Hong Kong’s Hutchison Whampoa confirmed today that it will buy o2, the British mobile network operated by Spain’s Telefonica, for £10.25 billion ($15.38 billion), most of it in cash. Hutchinson will combine o2 with its own network, Three, to create Britain’s largest operator by market share. And last month, the British telecommunications company BT bought the mobile and internet service provider EE for £12.5 billion.
It feels like the UK telecom market has turned upside-down almost overnight. What messages are to be found in this strange alphanumeric soup?
The British deals are neither unexpected nor occurring in isolation. Across Europe, mobile operators are snapping each other up. In the past year alone, Telefonica closed a deal to buy yourfone in Germany; Orange bid to buy Jazztel in Spain (pending regulator approval); Orange also tried (and failed) to buy Bouygues Telecom in France; and in what should have been a good predictor of today’s news, Three bought o2 in Ireland.
In most of these cases, the deals reduced the number of operators in the market from four to three. In a press meeting in Paris last summer, Orange’s then CFO Gervais Pellissier told journalists that such consolidation is essential for European telcos. And Europe’s competition authorities seem fine with it. Even Angela Merkel, the German chancellor, supports consolidation (paywall).
Squeezed by EU-mandated caps on roaming fees and battered by competition in relatively small markets, European operators have long argued that consolidation is good business and good for consumers. For German, Austrian, and Irish subscribers, this may come as something of a surprise. Prices have uniformly risen as the number of players has declined.

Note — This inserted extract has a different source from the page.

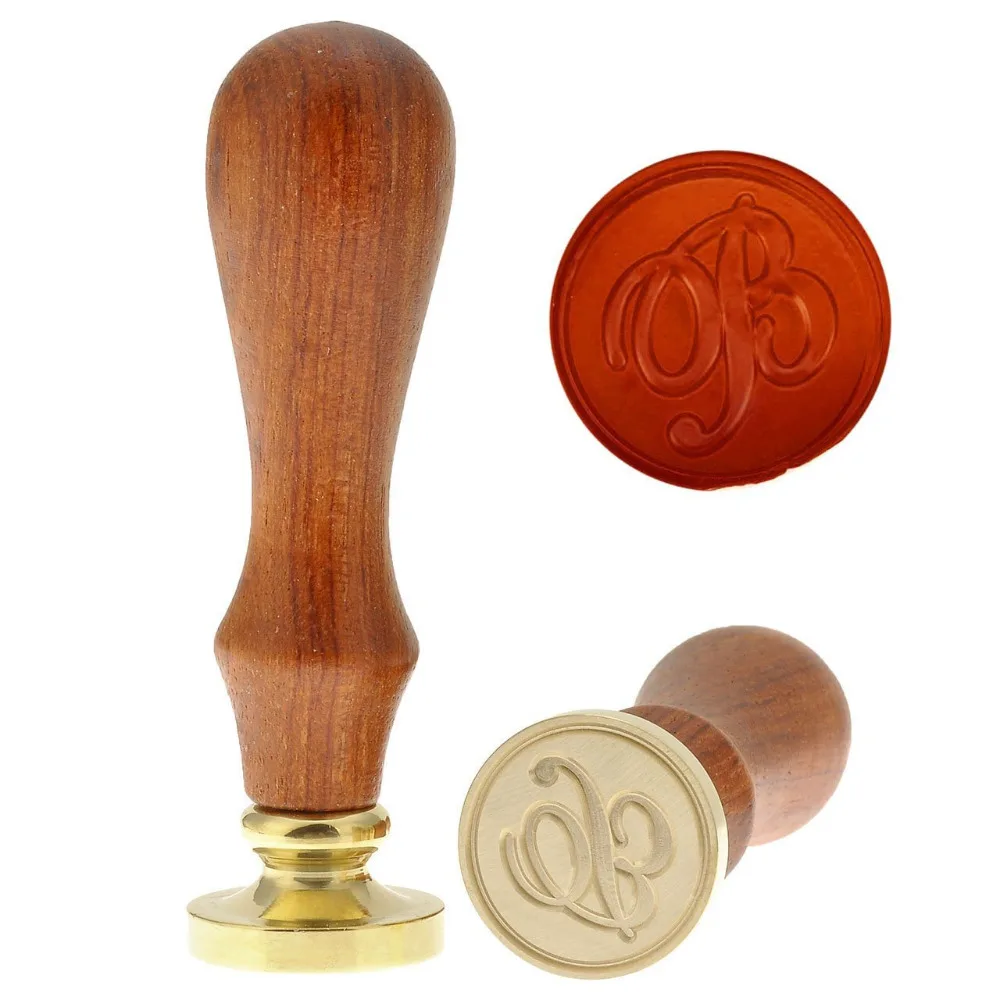 Винтаж Ретро латунь голова деревянная ручка буквы алфавита начальной Воск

But European operators’ revenues have been declining (paywall) over the past few years too, even as the need to provide better and faster data connections—Europe lags far behind the US on 4G mobile broadband, for instance—means that capital expenditure is rising.
The financial performance of European telcos over the past decade has been negative, says Guy Peddy, an analyst with Macquarie, an investment bank. In 2013 alone, revenues dipped 7% across the market, compared with 3% in the US.
Peddy sees the latest deal as an example of “constructive consolidation” based on “so we can get to a sustainable investment and growth environment.”
In other words, British—and European—mobile subscribers may see prices rise in the coming year. But if they want their services to continue improving, they should be willing to fork out for it.